The frontrunners for the 2012 Republican nomination to challenge Democratic President Barack Obama campaigned near to each other in the Manchester area.
Their biting remarks about one another reflected how New Hampshire - long seen as a lock for Romney, a former Massachusetts governor - now has the look of a competitive primary.
During an interview with Fox News, Romney called for Gingrich, a former speaker of the U.S. House of Representatives, to return $1.6 million in consulting fees he received from the troubled mortgage giants Freddie Mac and Fannie Mae.
Asked about the comment during a campaign stop, Gingrich fired back at Romney.
"If Governor Romney would like to give back all the money he has earned from bankrupting and laying off employees over his years at Bain (Capital), then I would be glad to then listen to him," Gingrich said. "And I bet you $10 - not $10,000 - that he wouldn't take the offer."
The slashing retort was vintage Gingrich, and showed why Romney's campaign has begun only recently to attack Gingrich.
In one comment, Gingrich pecked at Romney's work at the venture capital firm Bain Capital, and at Romney's shaky performance at the Republican candidates' debate on Saturday.
At one point during the debate, Romney offered to bet Texas Governor Rick Perry $10,000 to settle a dispute between the two.
Afterward Romney was battered by analysts who said the comment was a slap at the nation's struggling middle class.
Still in recovery mode on Monday, Romney made a point of answering critics who say he had appeared insensitive to the concerns of many Americans. He also kept up an effort to appear less programmed and more "human."
On Sunday in Hudson, Romney told an anecdote about roughing it in France during his Mormon missionary work in the late 1960s - a topic he has avoided so far this year and during his unsuccessful run for the White House in 2008.
On Monday, Romney made small talk with customers in a Manchester diner, sympathizing with post office worker Bill Charon that "this is a busy time of year for you." He also talked with Charon's mother, Lorraine, about her home mortgage.
Meanwhile Gingrich, never lacking for confidence, urged voters to join his campaign's bandwagon.
"This is the most important election since 1860 ... this is truly an historic moment," Gingrich told workers at Insight Technology, a Londonderry firm that makes components for the military and law enforcement.
"I never ask people to be 'for' me. I ask people to be 'with' me, for the next eight years."
'EVERYTHING'S in PLAY'
Unlike Romney, Gingrich does not have the backing of the political establishment in New Hampshire, which is important in the state-by-state nominating process because its primary is an early gauge of the race.
In late November, however, Gingrich was endorsed by the Union Leader, the only statewide newspaper and a leading conservative voice.

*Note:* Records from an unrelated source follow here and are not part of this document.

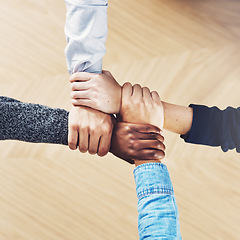 Image showing Teamwork, link or hands of business people with diversity for community support or strategy in startup office. Zoom, above or employees in group collaboration or mission with hope for goals together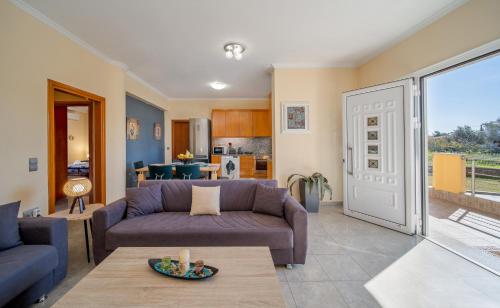 a living room with a couch and a table at Katerina Apartment in Afantou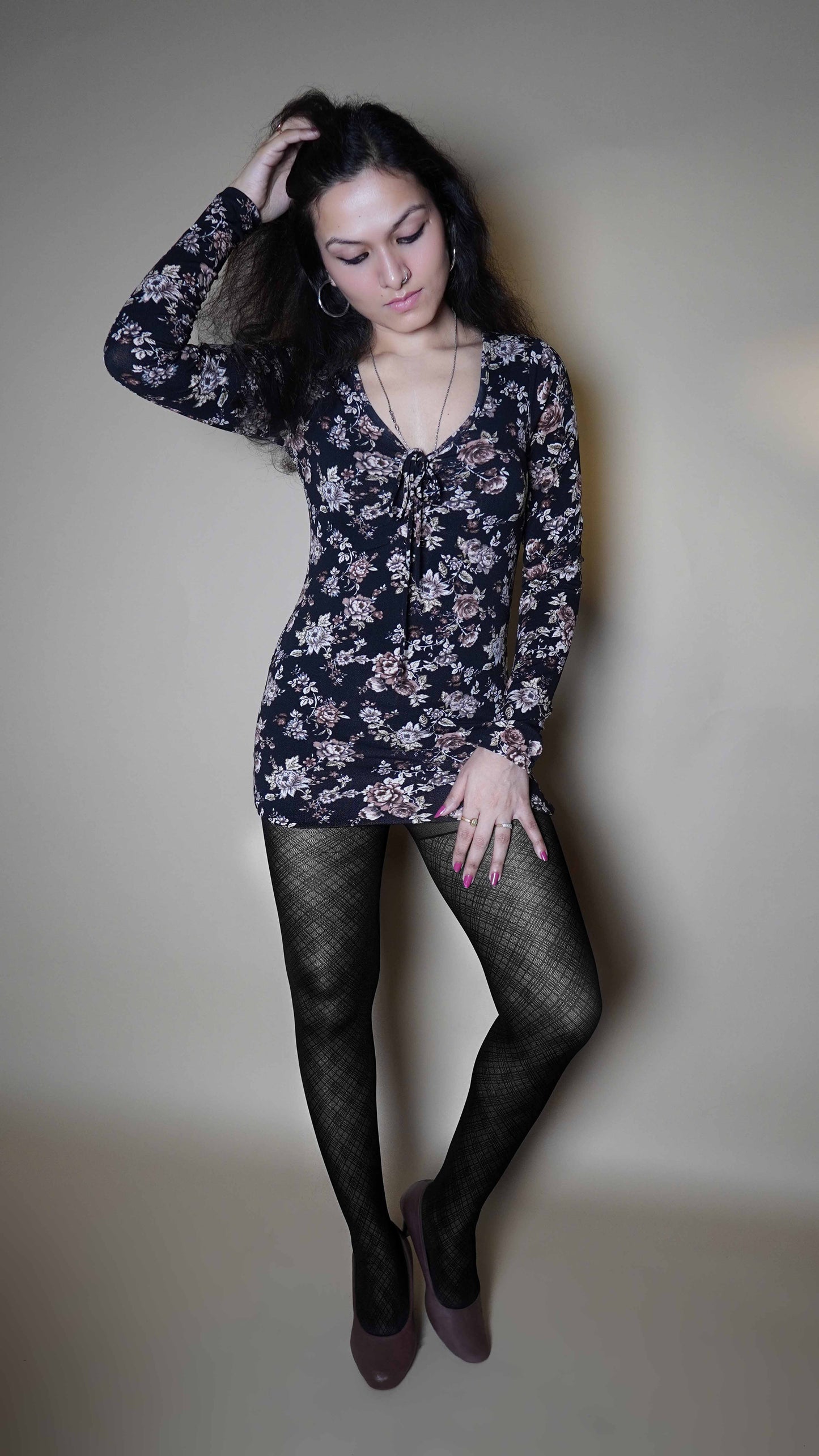 A woman wearing black girl's patterned sheer stockings, posing with her hand in her hair and other on her thigh, showcasing the perfect modish tights-Muselot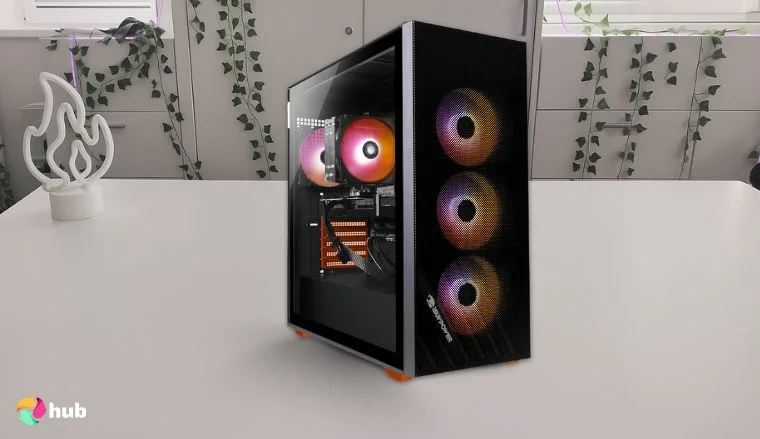 iBUYPOWER Scale Orange Gaming PC on a white office desk with an editorial style for a review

Helped by that and by his momentum elsewhere, Gingrich has pulled to within 10 percentage points of Romney in recent New Hampshire opinion polls.
Asked whether his campaign thinks New Hampshire is in play, a Gingrich aide seemed energized: "A month ago we didn't think that we would be alive. Everything's in play."
Romney acknowledged as much, telling Politico that he considered Gingrich the front-runner in the Republican campaign.
At every campaign stop, Romney highlights his private-sector experience and problem-solving skills with Bain Capital and in running the 2002 Winter Olympics.
He has said that his work at Bain -- which in some cases involved taking over troubled companies, making them smaller through layoffs and other measures and then reselling them -- helped create tens of thousands of jobs "on net."
For Romney, as a former governor of Massachusetts and owner of a lakeside vacation estate in Wolfeboro, New Hampshire is not just a must-win state, it's one he needs to win convincingly.
Many New Hampshire residents see Romney as familiar and reassuring, but Gingrich has turned their heads.
George Louzek came out to an historic drug store in Hollis to see Gingrich.
"I'm trying to make up my mind between Romney and him," said Louzek, 64."Gingrich seems very relaxed, very much at ease either in a political or a casual conversation. But a lot of people in this state favor Romney and know more about him," Louzek said.